Time not ripe to include university employees in bonus scheme: Madras high court
Justice Anita Sumanth gave the ruling while allowing a petition filed by the management of Sathyabama University.
ChennaI: Pointing out that the management of educational institutions can claim exemption under section 32 (v) (b) of the Bonus Act, which exempts universities and other educational institutions from payment of bonus to its employees, the Madras high court has set aside an order of the Industrial Tribunal, which allowed the claim of drivers and technical personnel of buses run by Sathyabama University and directed the University to pay bonus to them.
Justice Anita Sumanth gave the ruling while allowing a petition filed by the management of Sathyabama University.
Originally, the Pudhiya Jananayaga Vagana Ottunargal Matturm Techniciangal Union comprising drivers and technical personnel filed a claim statement before the Industrial Tribunal that the members of the Union are entitled for bonus under the Payment of Bonus Act. The union said the management runs buses for the transportation of its students, teaching and non-teaching staff to the University and collects substantial transportation fee from the students as well as the employees using the facility. As such it is entitled to share the profits from such transport fee, the Union added. Resisting the claim, the management contended that the Bonus Act would not apply in the light of the exemption provided under section 32 (v) (b) of the Act. The Tribunal came to the conclusion that the Institution was not just profitable, but was indulging in profiteering and thus would not be entitled to the exemption and directed the management to pay bonus. Aggrieved, the management filed the present petition.
Pointing out sub-clause (b) (universities and other educational institutions) and (c) (institutions (including hospitals, chambers of commerce and social welfare institutions) established not for purpose of profit), of clause (v) of section 35 of Bonus Act, the judge said the petitioner’s case all along has been in terms of clause (v) (b) of section 35. Thus, there was really no reason to consider the provisions of sub-clause (c) at all that uses the phrase ‘not for profit’ except that the Union seeks to interpolate that phrase into the previous sub-clause as well, the judge added.

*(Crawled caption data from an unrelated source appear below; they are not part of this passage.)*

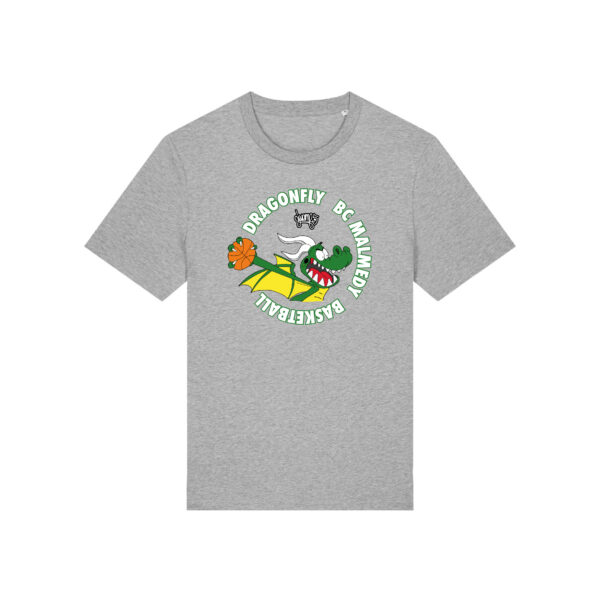 T-shirt – MALMEDY BASKET - Image 2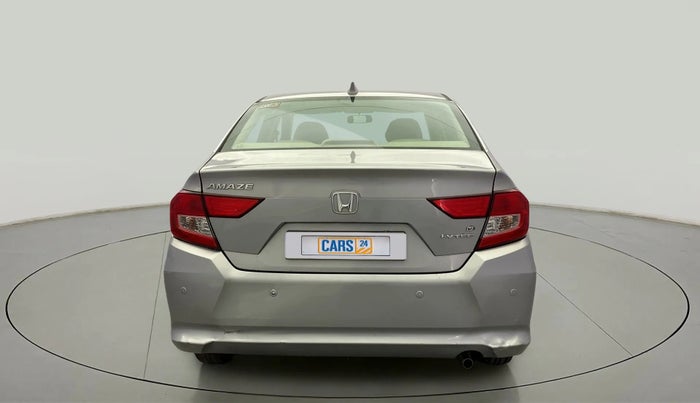 2018 Honda Amaze 1.2L I-VTEC V CVT, Petrol, Automatic, 85,155 km, Back/Rear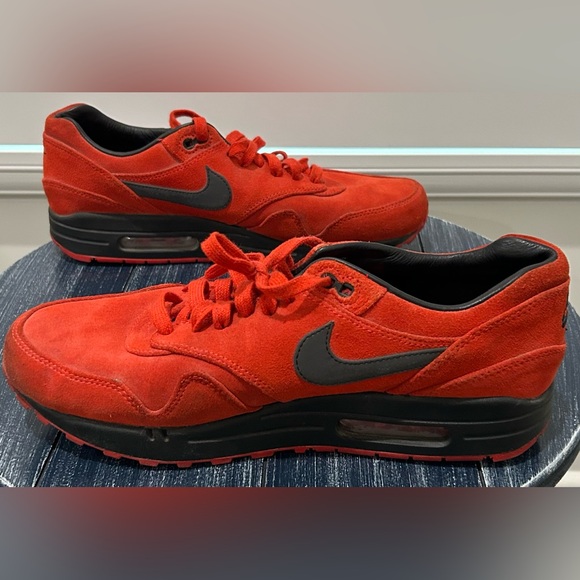 Nike Air Max 1 Pimento Sneakers main image 4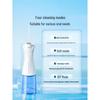 Midea 'Little Blue Whale' Portable Electric Water Flosser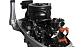 Лодочный мотор Seanovo SN9.9FFEL Enduro в Элисте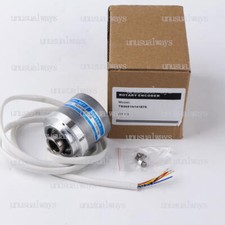 NEW Tamagawa TS2651N141E78 Encoder E7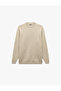 Knitwear Sweater Basic Turtleneck Long Sleeve - 6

The judge said the petitioner nowhere admitted that it derives a profit from the services of transportation. Though, Senior Counsel S.Ravindran, appearing for the management fairly states that the costs for the provision of such infrastructure will be collected by the petitioner by way of consolidate payments imposed upon the students and faculty, there was nothing to support the conclusion of the Tribunal that the petitioner was engaged in ‘profiteering’, the judge added.
The judge said, “The union has been seeking the copies of financials of the institution to establish its case. The same have not been produced by the Institution till date. However, no adverse inference can, in my view, be drawn from this fact, as the relevant provision, that is, section 35 (v) (b) does not refer to ‘profitability’ as a factor to be taken into consideration at all”.
The judge said, “One walks a fine line while appreciating submissions in relation to changing times, evolving circumstances and stark realities on the one hand and the rigour of a statute that binds one in decision making, on the other. No doubt, there are those times that present an opportunity to legislate judicially and make an imprint on the changing sands of time and circumstances, and one must, if such an opportunity presents itself, avail the same, albeit cautiously and in appropriate measure. But this is not one such occasion”.